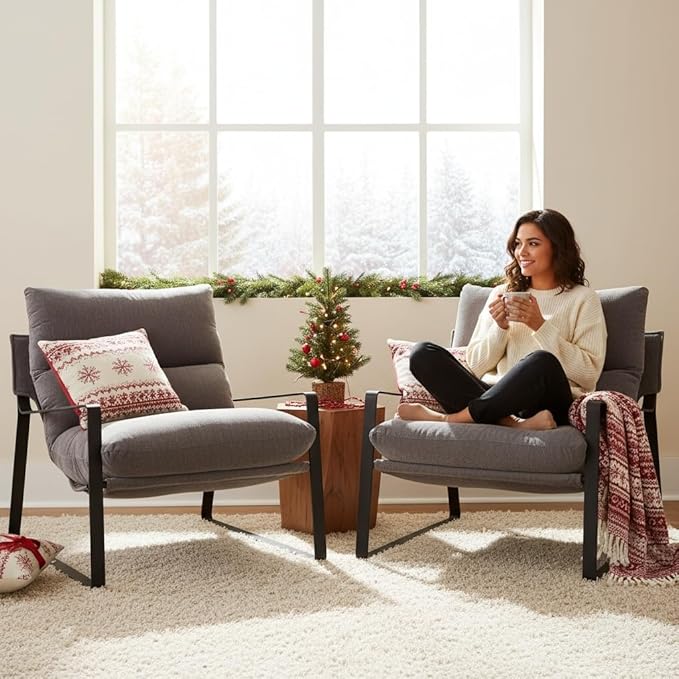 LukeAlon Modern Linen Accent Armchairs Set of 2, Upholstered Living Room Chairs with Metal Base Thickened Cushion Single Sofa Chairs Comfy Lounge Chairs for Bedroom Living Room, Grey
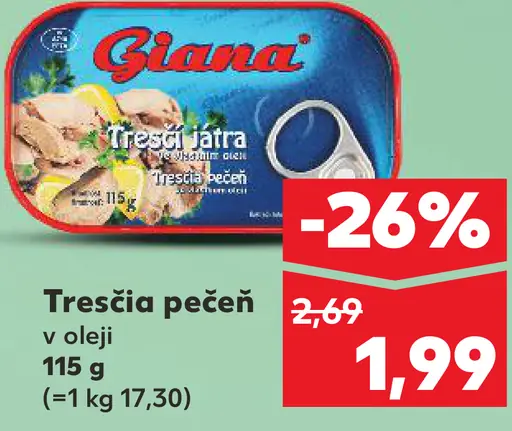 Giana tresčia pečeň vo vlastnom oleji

...

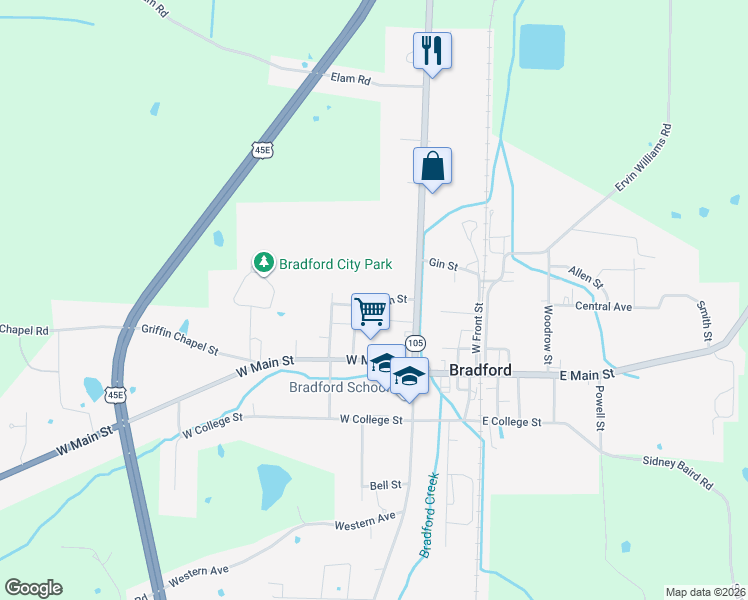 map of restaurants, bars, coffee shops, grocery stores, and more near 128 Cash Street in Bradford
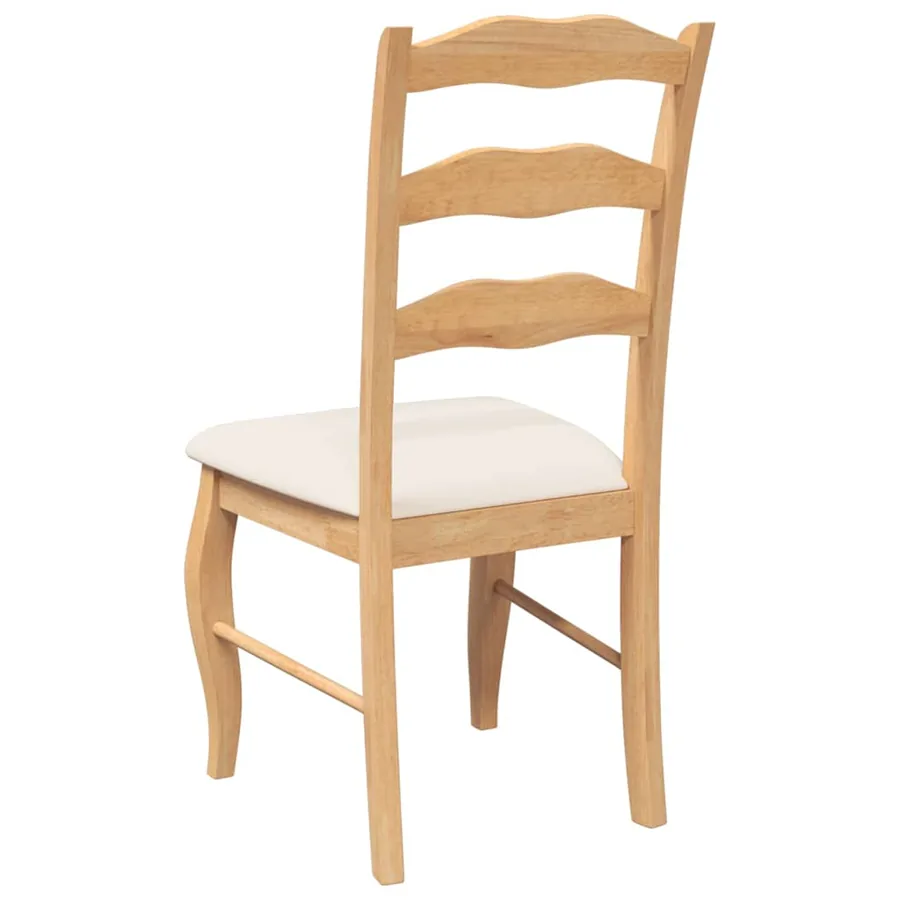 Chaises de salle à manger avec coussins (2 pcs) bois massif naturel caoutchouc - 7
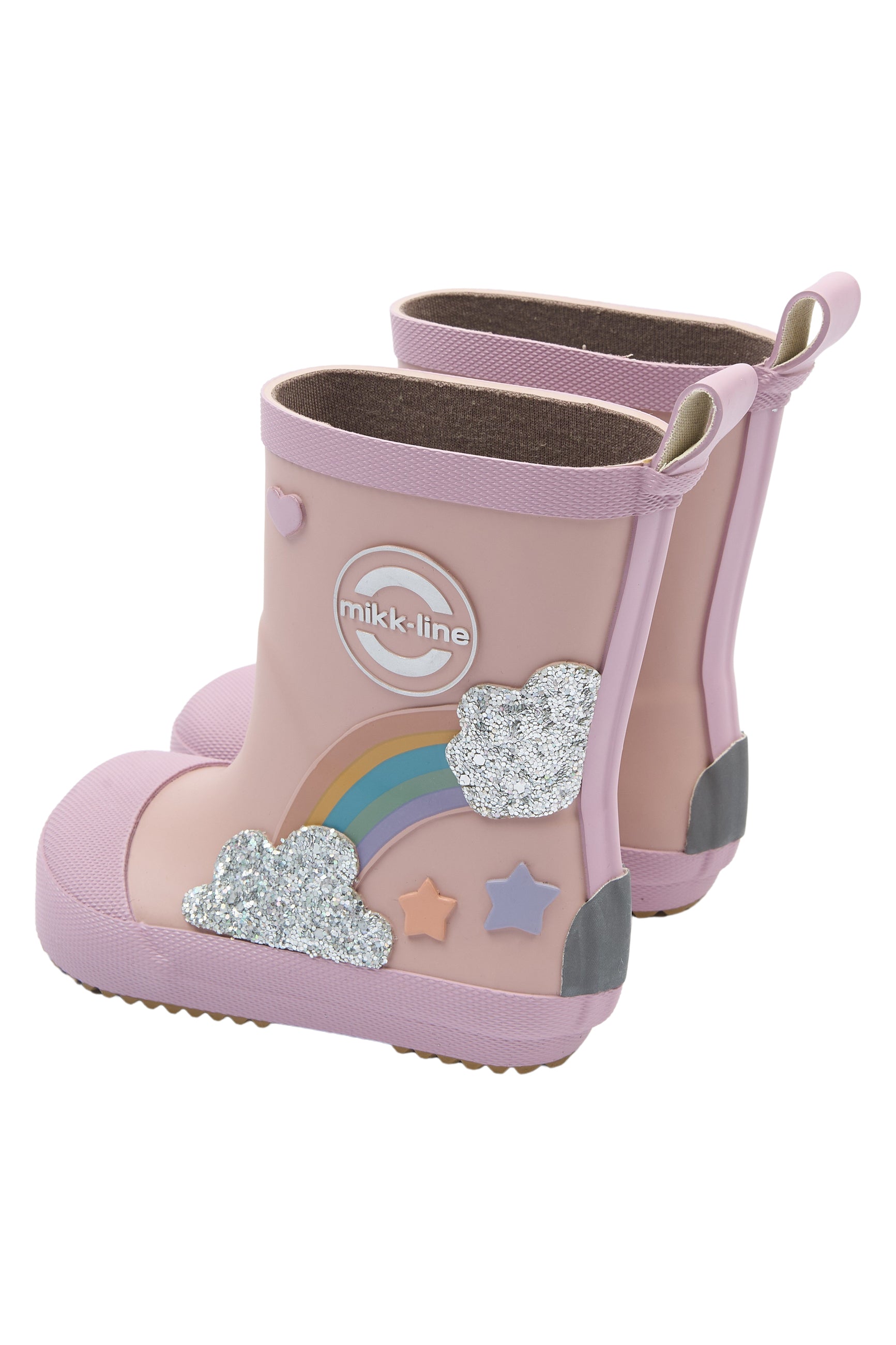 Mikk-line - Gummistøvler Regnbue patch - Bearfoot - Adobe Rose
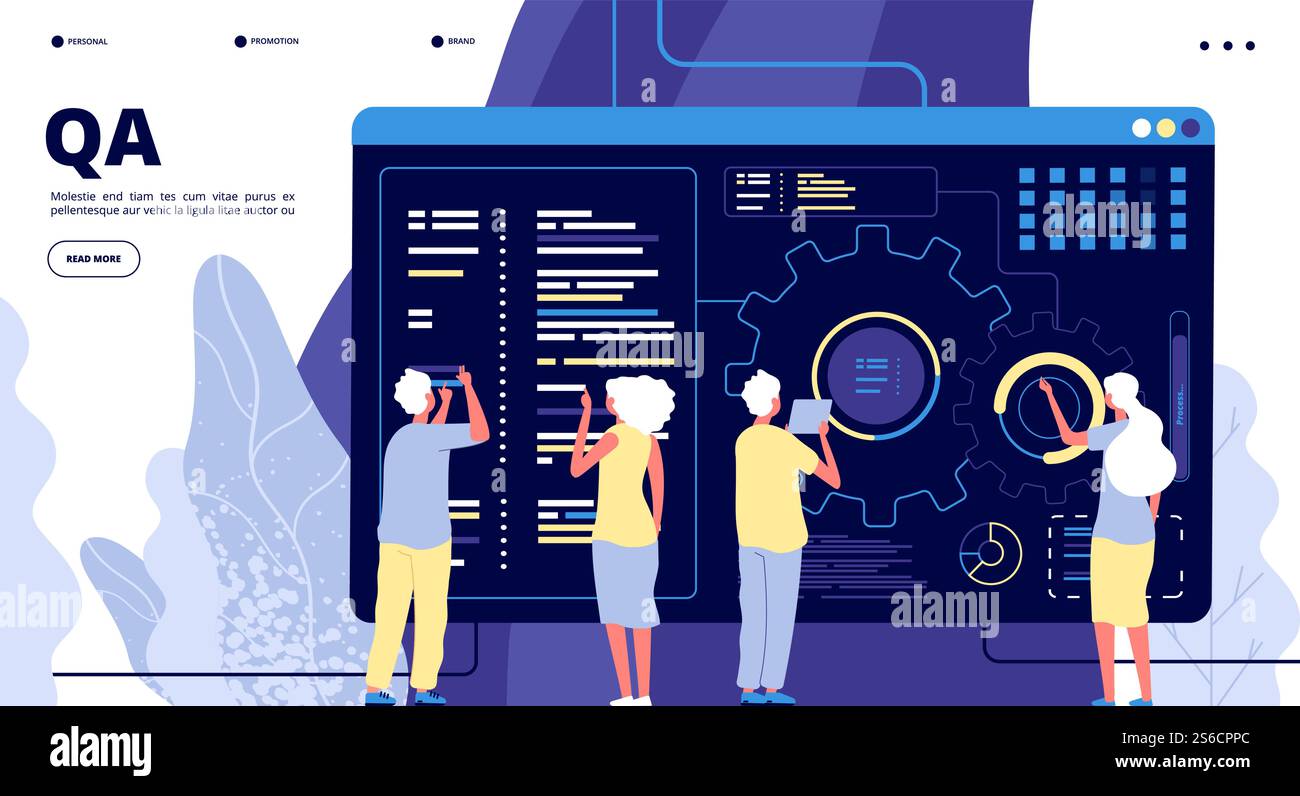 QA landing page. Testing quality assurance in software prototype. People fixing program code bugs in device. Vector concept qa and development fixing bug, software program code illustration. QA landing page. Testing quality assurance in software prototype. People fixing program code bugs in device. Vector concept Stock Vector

...

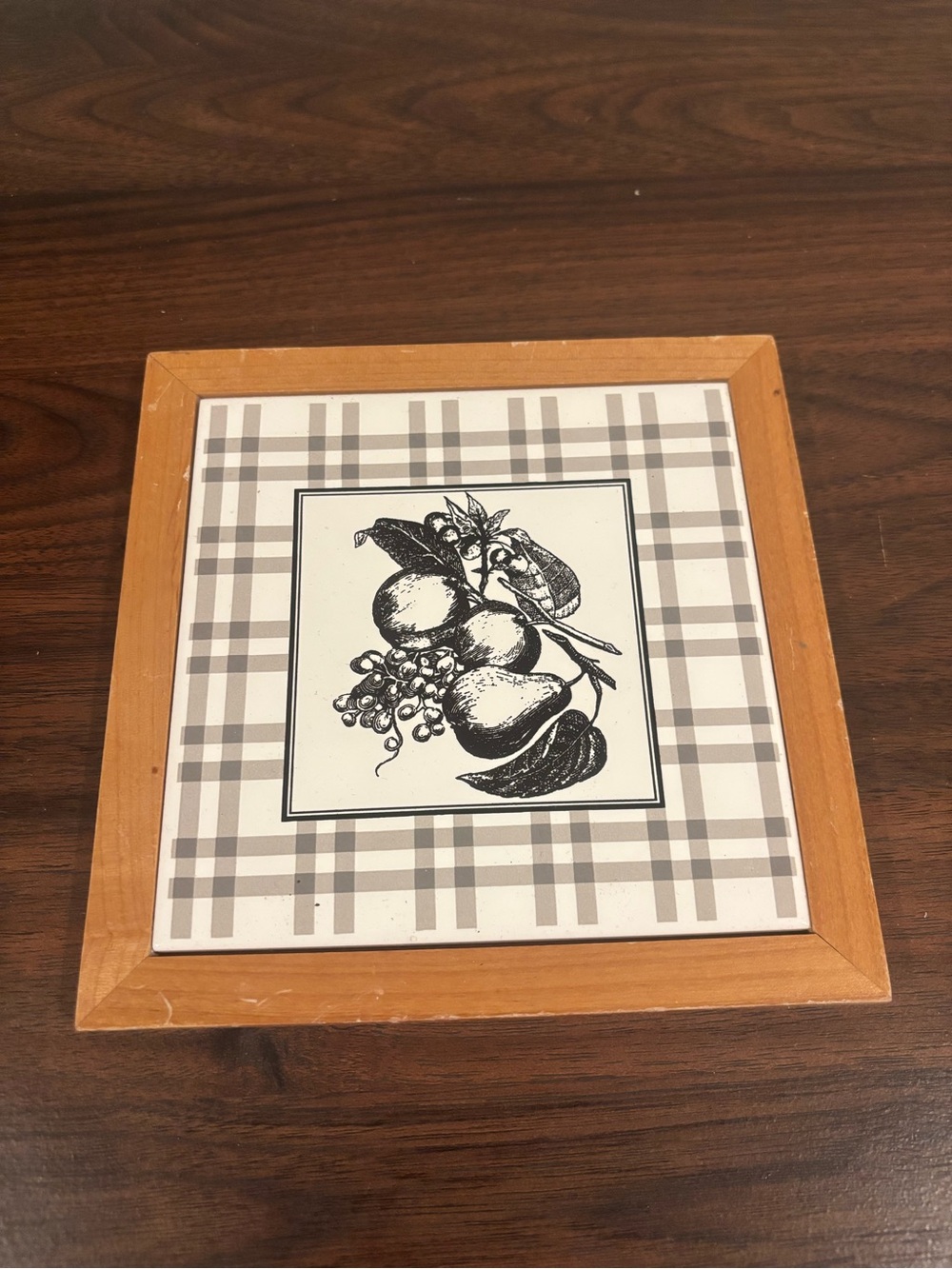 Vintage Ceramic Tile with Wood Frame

- [TASK TO COMPLETE]:
Above are some records; extract exactly the lines from the one containing "Mikk-line - Gummistøvler" through the one containing "concept Stock Vector" and drop the pictures.

- [RESPONSE FOR THIS EXERCISE]:
 Mikk-line - Gummistøvler Regnbue patch - Bearfoot - Adobe Rose
 QA landing page. Testing quality assurance in software prototype. People fixing program code bugs in device. Vector concept qa and development fixing bug, software program code illustration. QA landing page. Testing quality assurance in software prototype. People fixing program code bugs in device. Vector concept Stock Vector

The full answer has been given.